With proceeds from the financing, IgGenix will further expand its discovery platform in food and nonfood allergies while accelerating its lead program into preclinical development.
“At IgGenix, our revolutionary approach has the potential to transform the treatment of allergic disease and empower people to live without constant fear of life-threatening allergic reactions,” said Chief Executive Officer Jessica Grossman, M.D. “With this funding, we look forward to continuing an exciting period of discovery while building partnerships to fuel our next phase of development.”
IgGenix was co-founded by Stephen Quake, D.Phil., Kari Nadeau, M.D., Ph.D., and Derek Croote, Ph.D. of Stanford University, based on the idea that the potent immunological adaptations underlying severe allergies can form the basis of groundbreaking new therapeutics. Using cutting-edge single-cell genomics to isolate rare IgE-producing B cells, IgGenix discovers and reengineers key antibodies involved in the allergic cascade to develop safer therapeutics with a faster onset of action and more sustained clinical responses.
An Urgent Need for Effective Options in Food Allergy
Food allergies impact approximately 32 million Americans and 200 million people globally, and their incidence is on the rise.
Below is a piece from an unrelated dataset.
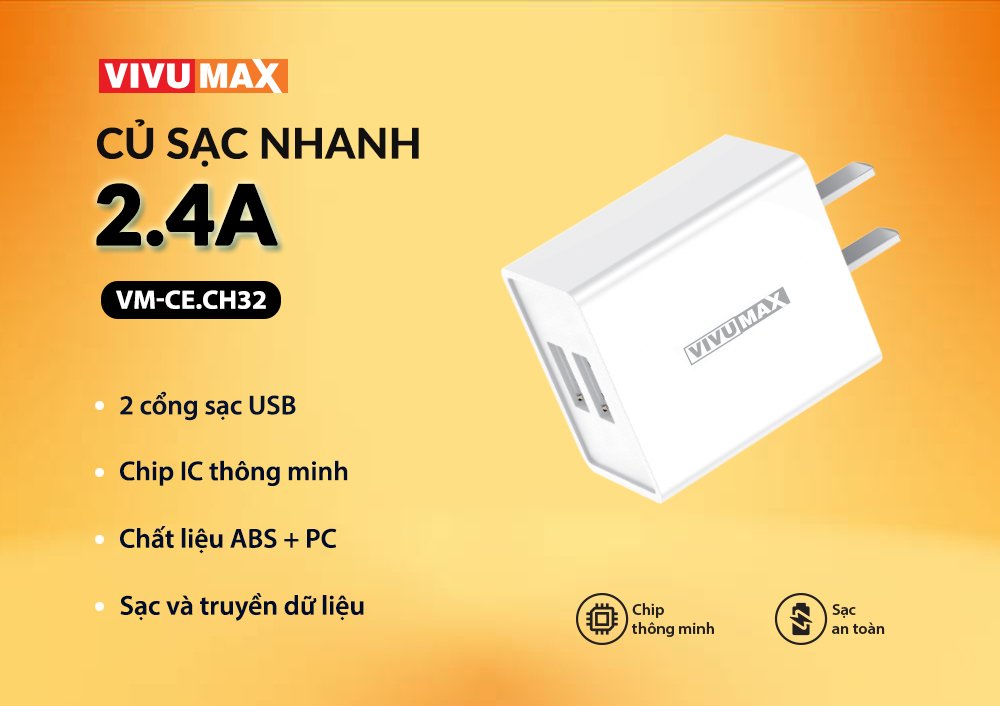 Củ sạc nhanh 2 cổng USB Vivumax CH32WH 5V/2.4A - Hàng chính hãng, Bảo hành chính hãng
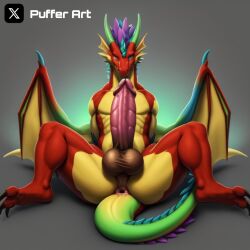 ai_generated anus big_balls big_penis dragon erect_penis erection frosting.ai horns large_balls large_penis male male_only penis presenting presenting_anus presenting_hindquarters presenting_penis rainbow_skin red_skin spread_legs spreading tagme tail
Every three minutes, someone visits an emergency room for food-induced anaphylaxis. While the current standard of care remains strict allergen avoidance, this is difficult in practice, negatively impacts quality of life, causes social isolation and can lead to potentially life-threatening reactions.
“Allergies have serious consequences – food allergies alone cost the U.S. economy $24.8 billion annually,” said co-founder Dr. Nadeau. “We have a tremendous opportunity to revolutionize the approach to allergy treatment and lead the way in scientific research with the end goal of helping people live allergy-free lives.”
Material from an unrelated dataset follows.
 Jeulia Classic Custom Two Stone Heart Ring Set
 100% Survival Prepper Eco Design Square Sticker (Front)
IgGenix’s novel proprietary platform applies deep sequencing to rare immune cells of allergic individuals and has the potential to revolutionize medicine’s approach to allergic disease. IgGenix’s approach, which was first described in a ground-breaking publication in Science, has the power to unlock the ability to reengineer fully human antibodies into precision-targeted therapeutics.
“Our SeqSifter™ high-throughput discovery platform has uncovered thousands of monoclonal, allergen-specific, high-affinity antibodies from highly allergic individuals,” said co-founder and Chief Technology Officer Dr. Croote. “We are now poised to advance several programs into pre-clinical studies as we work to deliver first-in-class therapies and address the unmet needs in allergic disease with our innovative approach.”
IgGenix is a privately held biotechnology company taking a revolutionary approach to directly address food and other severe allergies by reengineering key antibodies involved in the allergic cascade. Founded based on research by professors Stephen Quake, Kari Nadeau, and Derek Croote of Stanford University, IgGenix isolates allergen-specific IgE antibodies and transforms them into IgG antibodies that alleviate and possibly prevent the allergic cascade. This novel approach may prevent life-threatening allergic reactions, saving lives and reducing the constant fear that affects people living with severe allergies.